Haverá quem alegue que a zona do Campo 24 de Agosto tem sido varrida por assaltos e as próprias autoridades apontam a insegurança como eventual rastilho para reações mais violentas. O JN esteve precisamente há uma semana no local a fazer reportagem sobre o tema. Ainda que a narrativa que promove a ligação entre imigração e criminalidade seja conhecida, em momento nenhum pode ser usada para justificar comportamentos criminosos e xenófobos. E muito menos para ignorar as evidências de um discurso de ódio contra estrangeiros que exige respostas firmes.

Temos problemas de acolhimento e integração de imigrantes e importa discuti-los. A começar, claro, pela trapalhada na reforma do SEF e na criação da Agência para a Integração, Migrações e Asilo. Têm sido insistentes os alertas sobre a falta de resposta dos serviços públicos aos fluxos migratórios, tal como é da responsabilidade da Assembleia da República a ativação da Comissão para a Igualdade e contra a Discriminação Racial, parada há meio ano. Há muito trabalho a fazer e as consequências refletem-se no trabalho, nas escolas e nas ruas.

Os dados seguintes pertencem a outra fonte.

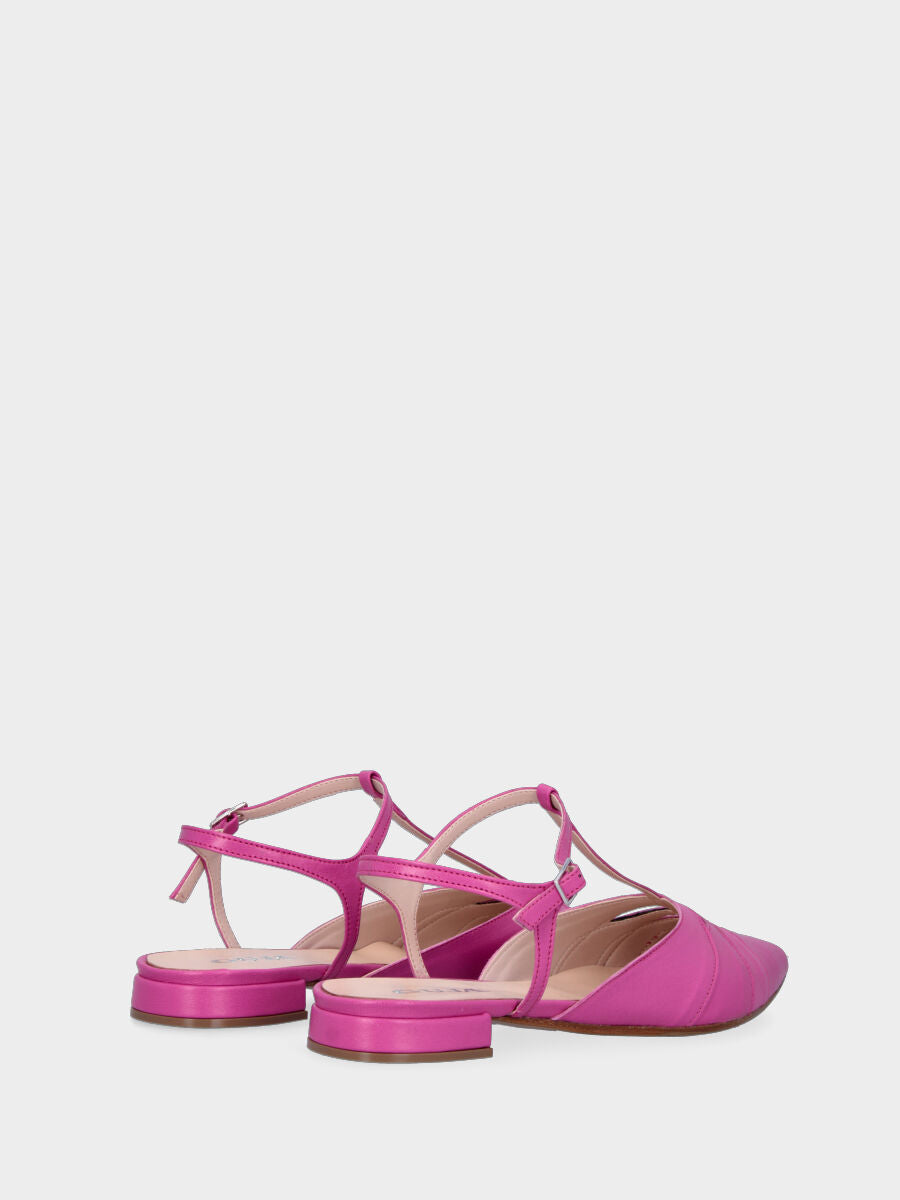 Fuchsia leather sandal with openings on the sole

O que não pode é usar-se a nossa ineficácia a tantos níveis na integração para criar discursos de ódio e para tentar esconder debaixo do tapete os comportamentos racistas que persistem. Não pode haver uso deturpado e descontextualizado de dados sobre criminalidade para instigar a violência. Não pode haver aproveitamento político do medo, como tem acontecido. E não podemos fingir que os extremismos não são uma ameaça. Ou queremos que acontecimentos surpreendentes como os da madrugada de sexta-feira se tornem normais?»